[Saved data entries]
=====

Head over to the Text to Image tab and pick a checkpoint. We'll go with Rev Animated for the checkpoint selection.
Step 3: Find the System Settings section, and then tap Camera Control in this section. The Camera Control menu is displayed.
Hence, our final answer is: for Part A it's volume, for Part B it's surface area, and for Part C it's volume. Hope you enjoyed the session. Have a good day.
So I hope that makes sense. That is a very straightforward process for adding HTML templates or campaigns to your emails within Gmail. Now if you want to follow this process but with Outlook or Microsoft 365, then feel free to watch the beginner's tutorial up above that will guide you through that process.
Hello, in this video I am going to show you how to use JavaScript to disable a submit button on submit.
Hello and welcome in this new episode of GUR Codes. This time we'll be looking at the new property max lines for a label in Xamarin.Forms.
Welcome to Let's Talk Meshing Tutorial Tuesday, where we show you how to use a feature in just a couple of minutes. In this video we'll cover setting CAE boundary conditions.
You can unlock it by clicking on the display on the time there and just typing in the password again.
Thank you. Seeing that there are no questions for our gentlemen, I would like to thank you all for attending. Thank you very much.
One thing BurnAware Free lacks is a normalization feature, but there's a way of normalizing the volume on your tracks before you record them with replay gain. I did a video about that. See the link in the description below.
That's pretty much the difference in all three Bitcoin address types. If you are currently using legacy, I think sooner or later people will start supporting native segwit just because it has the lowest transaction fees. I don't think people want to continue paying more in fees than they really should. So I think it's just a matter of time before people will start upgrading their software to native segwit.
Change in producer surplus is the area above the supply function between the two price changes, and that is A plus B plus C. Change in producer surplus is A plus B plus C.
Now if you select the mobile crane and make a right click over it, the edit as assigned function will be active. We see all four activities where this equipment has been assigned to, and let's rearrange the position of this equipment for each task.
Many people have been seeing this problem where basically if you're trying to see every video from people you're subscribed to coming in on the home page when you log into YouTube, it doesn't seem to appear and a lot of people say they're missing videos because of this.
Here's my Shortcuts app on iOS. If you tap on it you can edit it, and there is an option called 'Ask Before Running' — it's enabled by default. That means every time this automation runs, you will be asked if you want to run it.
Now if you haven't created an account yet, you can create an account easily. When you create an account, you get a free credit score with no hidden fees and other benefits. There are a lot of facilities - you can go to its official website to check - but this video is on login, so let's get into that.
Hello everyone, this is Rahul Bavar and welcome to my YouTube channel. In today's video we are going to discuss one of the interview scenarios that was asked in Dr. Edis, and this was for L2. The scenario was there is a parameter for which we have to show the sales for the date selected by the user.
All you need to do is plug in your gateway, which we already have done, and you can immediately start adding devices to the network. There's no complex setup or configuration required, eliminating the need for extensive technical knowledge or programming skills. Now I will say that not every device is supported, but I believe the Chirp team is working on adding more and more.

=====

== Work to be completed ==
Using the records above, set down exactly the lines from the one with "Thank you. Seeing" through the one with "Change in producer surplus is the", inclusive, and nothing more.

== Result ==
Thank you. Seeing that there are no questions for our gentlemen, I would like to thank you all for attending. Thank you very much.
One thing BurnAware Free lacks is a normalization feature, but there's a way of normalizing the volume on your tracks before you record them with replay gain. I did a video about that. See the link in the description below.
That's pretty much the difference in all three Bitcoin address types. If you are currently using legacy, I think sooner or later people will start supporting native segwit just because it has the lowest transaction fees. I don't think people want to continue paying more in fees than they really should. So I think it's just a matter of time before people will start upgrading their software to native segwit.
Change in producer surplus is the area above the supply function between the two price changes, and that is A plus B plus C. Change in producer surplus is A plus B plus C.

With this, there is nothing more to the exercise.